Spotlight Scholar

Can Government Do Anything Right?

Policy expert puts rapidly shifting global parameters in perspective
  • UMass professor Alasdair Roberts sits in his office among the books he has written.

“A lot of experts today are talking as if the world is coming to an end. There have always been moments in our history where it feels like things are falling apart.”

—Alasdair Roberts

Imagine trying to solve a Rubik’s Cube while the squares are constantly changing color. That’s what it’s like to wrestle with issues of policy making and governance, according to Alasdair Roberts, UMass Amherst professor of political science and the inaugural director of the university’s new School of Public Policy.

It’s also what piqued Roberts’s interest in the study of government as far back as middle school. “I’ve always enjoyed looking at these problems because they’re so important but also so complex,” he says.

Roberts’s fascination with problem solving and aptitude for clear-headed analysis has earned him a reputation as a voice of reason in a changing world. He’s not afraid to ask thorny questions, as he does in his latest book, Can Government Do Anything Right? (Polity, 2018). His answer? Yes, though it may not always look that way.

“A lot of experts today are talking as if the world is coming to an end,” he explains. “But there have always been moments in our history where it feels like things are falling apart. When people say it’s never been as bad as it is today, they’re almost always wrong.”

Instead, Roberts sees our current disillusionment as a period of transition and adjustment, albeit a painful one that may require patience and some strategic reinvention to ride out successfully. "Old policies no longer fit new realities," he says.  “So we have to go back to fundamentals, asking what government should do and how it should do it.”

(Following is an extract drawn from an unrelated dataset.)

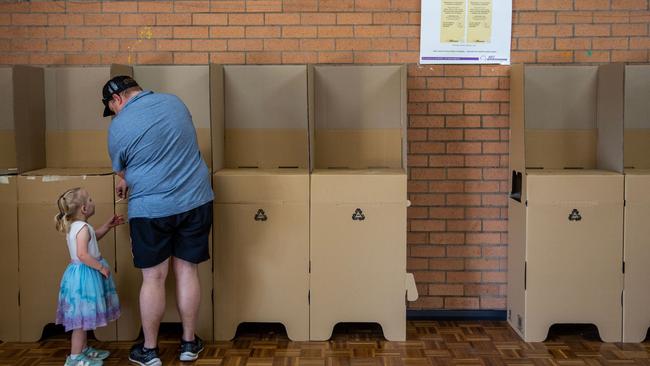 A voter cast his vote at a polling centre at Stan Thiess Memorial Centre in Melbourne.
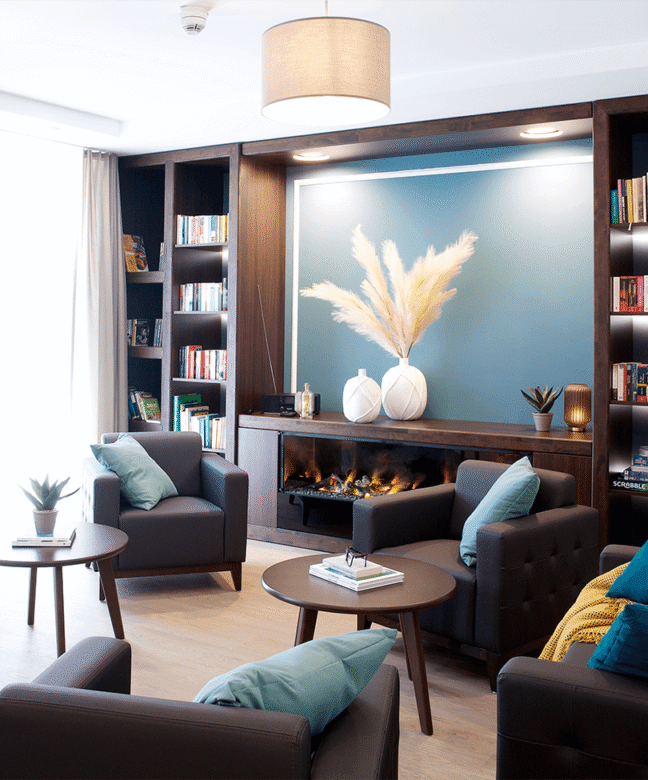 Gemeinschaftsraum mit Dekoelementen und Wandfarben in Blau mit einem Wandregal und Sitzmöglichkeiten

Periods like this are far from unique, he points out. What’s important is to stay focused on the big picture. “There’s a temptation, especially in the current administration, to focus on the scandal of the day,” says Roberts, “and the news media feeds that. Yes, we have to pay attention to ethical lapses, but the important questions are about big ideas.”

In other words, what should our national priorities be and how might we go about achieving them? What is government’s responsibility in terms of the economy? How much do national borders matter now that, in Roberts’s words, the “borderless world phase” is over?

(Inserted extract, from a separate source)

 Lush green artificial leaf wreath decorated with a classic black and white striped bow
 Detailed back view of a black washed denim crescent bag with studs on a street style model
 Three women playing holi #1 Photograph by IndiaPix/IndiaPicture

Figuring all this out requires a political environment that retains a degree of openness and flexibility, says Roberts. “Under conditions of uncertainty, people find the notion of a strong leader appealing. There’s also a desire to hunker down and protect ourselves against perceived threats. But neither of these helps with the process of adaptation.” What does help is constructive conversation that avoids undue pessimism and strives for creative solutions.

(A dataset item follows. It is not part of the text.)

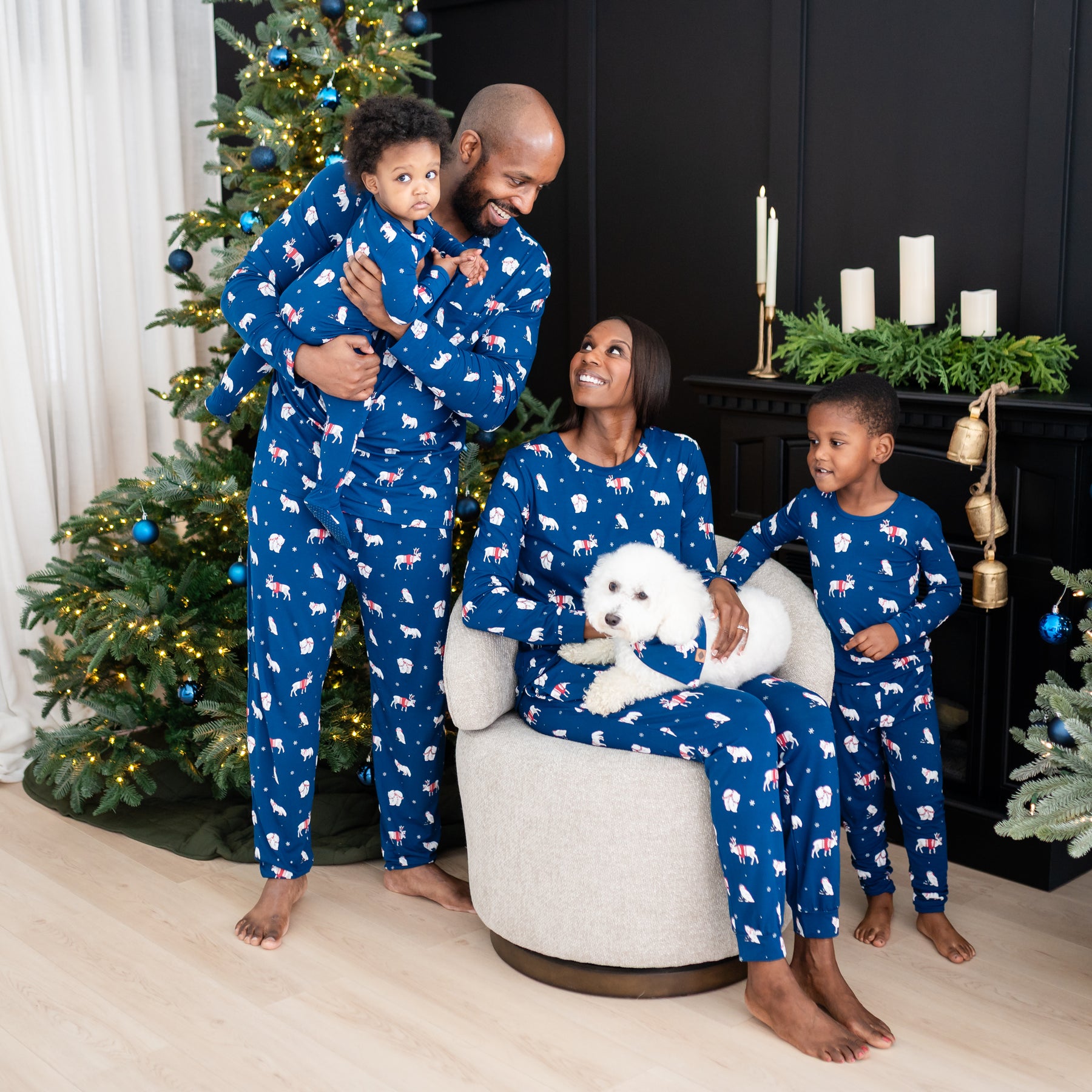 Family of four matching in the holiday Print Frosty Friends with white dog sitting on mom's lap wearing the Dog Bandana in Frosty Friends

Those conversations are going to be all the more important in the years to come. According to Roberts, we’re emerging from a period of unusual stability during which small government and economic deregulation were the norm and relative accord between superpowers was taken for granted. That’s no longer the case.

“In the past few decades, we’ve thought that all great countries of the world were converging on the idea of liberal democracy,” says Roberts. “Clearly, that’s not true anymore. What do we do in a world where Russia and China have paths that are not in line with the U.S. and other liberal democracies?”

It’s a subject Roberts is exploring further in preparation for his seventh single-authored book, which will focus on the new set of realities stemming from the emergence of super states. “The politics of this century is going to be dominated by states that are exceptionally large and complex,” says Roberts. “Three states—India, China, the United States—and the European Union are going to account for more than half the world’s population. India alone will have 1.5 billion people by the middle of the century. There’s never been a political system that large in all of human history. How do you govern a state like that?”

That’s what makes a new initiative like the School of Public Policy so vital. “The flagship campus of a public university needs to have a really vibrant public policy component,” says Roberts, who sees the school as a hub of research and dialog on policy issues, as well as a forum for conversation across campus and a means of connection between the university community and policy makers at all levels of government. By growing its programs for undergraduate and graduate students—such as its new one-year master’s in public policy—the school helps fulfill the university’s goal to make higher education more accessible and affordable.

“We have to figure out how to respond intelligently to new challenges,” says Roberts. “Democratic systems are better at surviving than other systems, but there’s no guarantee.” To the new generation of “entrepreneurs, idea brokers, and leaders” that he hopes will help forge a path in a world where conflict is the norm, Roberts urges, “Public service is exciting, intellectually engaging, important—and they can make a difference.”